私たちはここで別れる。でもそれでいいと思う。あんな風な煽り方をしてくるような人を夫とするのは嫌だし、絶対いつかややこしいことに巻き込まれる。そんなのは嫌だから、ここで別れておく方が良いかもしれないとも思う。
それにしても、今日の空は綺麗だ。
青く澄んで。
私を祝福してくれているみたい。
◆
婚約破棄から三年。
私は今、結婚して、二児の母となっている。
毎日は泣きたいくらい忙しい。それも朝から晩まで。家にいるのだが、家の中をいつも走り回っている。特に子どもがまだ小さいので、休む間はない。寝る時間さえほとんどない。
ただ、夫は感謝してくれる。
そこはとてもありがたいと思う。
一方アサはというと。
やはりあの後事件に巻き込まれることとなったようだ。
ある夜、国内ながら離れた地域を旅行していた彼は、その地域を取り仕切っている暴力組織の男と喧嘩になる。

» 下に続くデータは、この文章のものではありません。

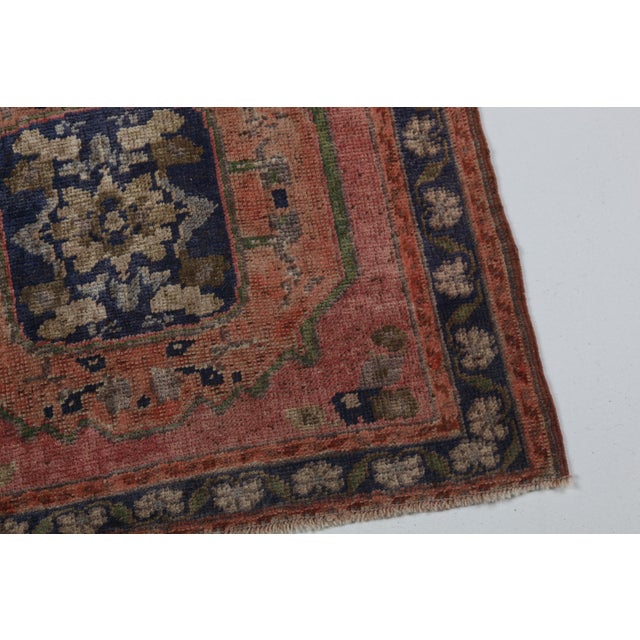 Mid-Century Modern Handwoven Vintage Anatolian Rug in Soft Coral & Indigo - 2' X 2' 2'' For Sale - Image 3 of 10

もし彼が早くに大人しく去っていれば何もなく終われただろうが、残念なことに、彼は相手を挑発してしまった。はげ、でぶ、などという暴言を繰り返したらしい。で、それによって相手を怒らせてしまい、暴力組織の事務所へ連れていかれてしまった。そこで何日も拷問され、静かに息を引き取った……それがアサの最期だったとのこと。
亡くなってしまったことは気の毒に思うが、煽らなければ良かったのにと思ってしまう部分もある。